頭を冷やしてみると、生き残りを最優先にするのが鉄則な今の時代の真理。
むしろ、旧臣たちの出方は妥当だとも言えた
「……うむ。私は王宮にて方針を聞いてくる。またそれとは別に、北部への警戒を厳にせよ!」
「ははっ!」
こうして会議は閉会。
各位、各々の部署や領地へと戻った。
その後。
私は負傷した女騎士こと、オヴの娘のナタラージャの見舞いに行った。
「……左様ですか」
すぐにはオヴの敵討ちを出来ぬことを告げると、彼女は寂しそうであった。
「今は、怪我を治せ。
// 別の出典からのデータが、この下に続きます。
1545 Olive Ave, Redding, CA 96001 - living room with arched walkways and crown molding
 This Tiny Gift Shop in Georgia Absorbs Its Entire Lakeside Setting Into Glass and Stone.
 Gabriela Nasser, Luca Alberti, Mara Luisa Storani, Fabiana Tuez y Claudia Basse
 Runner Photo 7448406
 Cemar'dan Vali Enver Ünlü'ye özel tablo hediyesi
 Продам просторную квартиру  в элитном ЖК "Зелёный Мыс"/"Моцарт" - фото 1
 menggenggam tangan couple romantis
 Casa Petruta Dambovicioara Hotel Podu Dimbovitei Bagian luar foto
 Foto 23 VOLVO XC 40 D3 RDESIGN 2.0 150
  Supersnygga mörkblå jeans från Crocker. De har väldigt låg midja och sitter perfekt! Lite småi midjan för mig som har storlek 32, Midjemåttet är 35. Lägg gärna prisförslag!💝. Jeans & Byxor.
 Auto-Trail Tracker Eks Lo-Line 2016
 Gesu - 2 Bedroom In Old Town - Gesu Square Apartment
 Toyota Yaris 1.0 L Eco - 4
そのうち機会は訪れるであろう」
そう言う、私の言葉も元気がなかったのだった……。
◇◇◇◇◇
私はポコリナだけを連れ、シャンプールの地へと急いだ。
コメットを急かさせ、わずか半日での強行軍であった。
まずは王国の宰相、フィッシャー宮中伯を尋ねた。
「……おおう、伯爵。元気かな?」
「お陰様で……」
「なにか、用件があるような顔じゃのう……、何用で参られた?」
「フレッチャー共和国のケード連盟への侵攻に関して、宰相はどう思われますか?」
宮中伯は私に席を勧め、侍女にお茶を持ってこさせる。
「その件はな、王宮としては眼をつぶりたいところじゃ。そなたもクロック侯爵を知っておろう? 侯爵の正妻はフレッチャー共和国の重鎮の娘じゃ」
「それゆえ、ケード連盟への侵略を認めると?」
「そうとも言わぬが、我らはガーランド商国への復讐戦もろくに出来てはおらぬのだぞ! それなのに卿は、敵を増やすことが女王陛下の御為になるとでもいうのか!?」
宰相にしては珍しく大声で声を発した。
彼にしても悩みは多く、きっと思うところがあるのだろう。
良識派と言われる宰相を説得できぬ以上、居並ぶ他の重臣たちを説得できるわけがない。
私は気を落として、レーベの地へと戻ったのであった。
統一歴564年3月――。
オーウェン連合王国とフレッチャー共和国は、先月の宣戦から一転。
行政官同士の協議の末、和議の調印となったのだった。